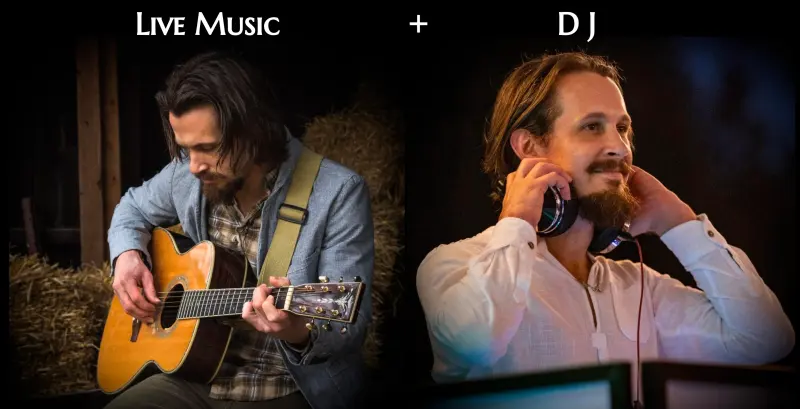 Ryan Cook Music - Wedding Band & DJ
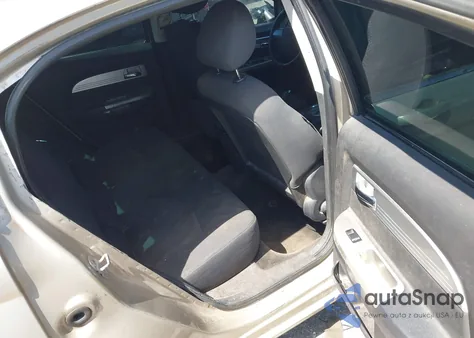 2009 Chrysler Sebring Touring из США, поврежденный, VIN 1C3LC56B49N525478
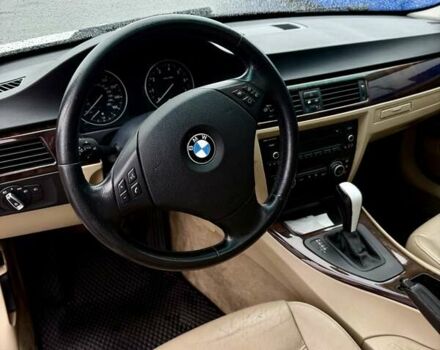 Білий БМВ 3 Серія, об'ємом двигуна 3 л та пробігом 294 тис. км за 8600 $, фото 12 на Automoto.ua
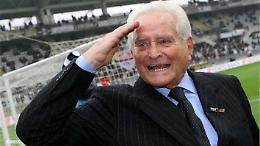 È morto Giampiero Boniperti, ex presidente e simbolo della Juve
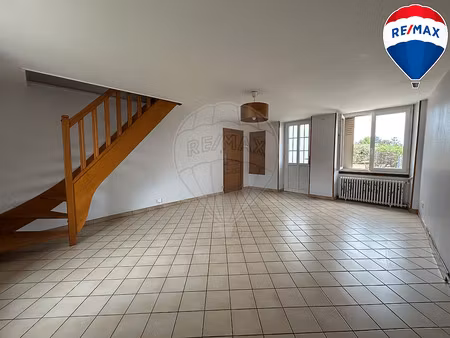 achat maison 5 pièces 76m² la chapelle st ursin 18570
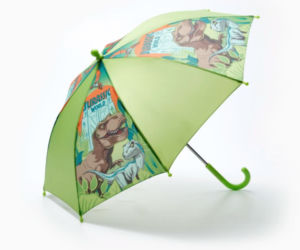 Parasol Pepco, chłopięcy - Jurrasic Park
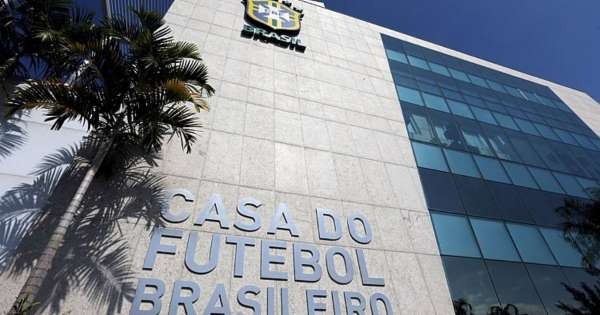 Clubes e CBF se reúnem hoje (27) por videoconferência Divulgação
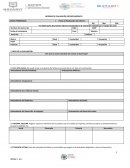 INFORME DE EVALUACION PSICOPEDAGOGICO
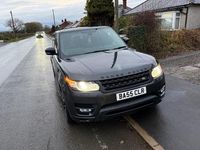 Used Land Rover Range Rover HSE Dynamic 306 HP (225 kW) 2016 Grey SUV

__________

Goal of the exercise —
Give the listing above again word for word, without its pictures.

Answer —
 Ryan Cook Music - Wedding Band & DJ
 2009 Chrysler Sebring Touring из США, поврежденный, VIN 1C3LC56B49N525478
 Білий БМВ 3 Серія, об'ємом двигуна 3 л та пробігом 294 тис. км за 8600 $, фото 12 на Automoto.ua
 È morto Giampiero Boniperti, ex presidente e simbolo della Juve
 achat maison 5 pièces 76m² la chapelle st ursin 18570
 Parasol Pepco, chłopięcy - Jurrasic Park
 Clubes e CBF se reúnem hoje (27) por videoconferência Divulgação
 INFORME DE EVALUACION PSICOPEDAGOGICO
 Used Land Rover Range Rover HSE Dynamic 306 HP (225 kW) 2016 Grey SUV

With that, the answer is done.